Building a del.icio.us Link Recommender

This is a port of the link recommendation engine described in the Programming Collective Intelligence book, to Clojure. In the book author used pydelicious API to build his dataset, I tried a bunch of Java APIs but they all sucked one way or another so I decided to use their public feeds instead of wasting time fighting with the APIs.

Let's get some includes out of the way,

 (ns delicious
   (:require [clojure.zip :as zip]
             [clojure.xml :as xml])
    (:use clojure.contrib.zip-filter.xml))

request function will take a URL to a RSS feed, parse it and return a zip structure,

 (defn request [url]
   (let [conn (-> (java.net.URL. url) .openConnection)]
     (zip/xml-zip (xml/parse (.getInputStream conn)))))

To build the dataset, I retrieve the popular bookmarks for clojure and build a list of users to get bookmarks for,

 (defn popular-users []
   (let [feed (request "http://feeds.delicious.com/v2/rss/popular/clojure")]
     (vec (xml-> feed :channel :item :dc:creator text))))

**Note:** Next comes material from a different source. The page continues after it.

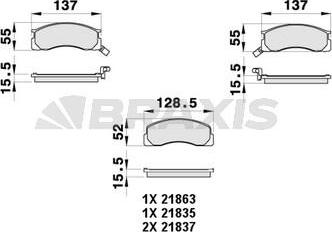 Braxis AB0444 - Тормозные колодки, дисковые, комплект www.autospares.lv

Then fetch bookmarks tagged Clojure for each user,

 (defn user-bookmarks [user]
   (let [feed (request 
               (str "http://feeds.delicious.com/v2/rss/" user "/clojure"))]
     (reduce (fn[h v] (assoc h v 1) ) 
             {} (xml-> feed :channel :item :link text))))

And build a map similar to the one used in Making Recommendations,

 (defn preferences [users]
   (reduce (fn[m v] (assoc m v (user-bookmarks v))) {} users))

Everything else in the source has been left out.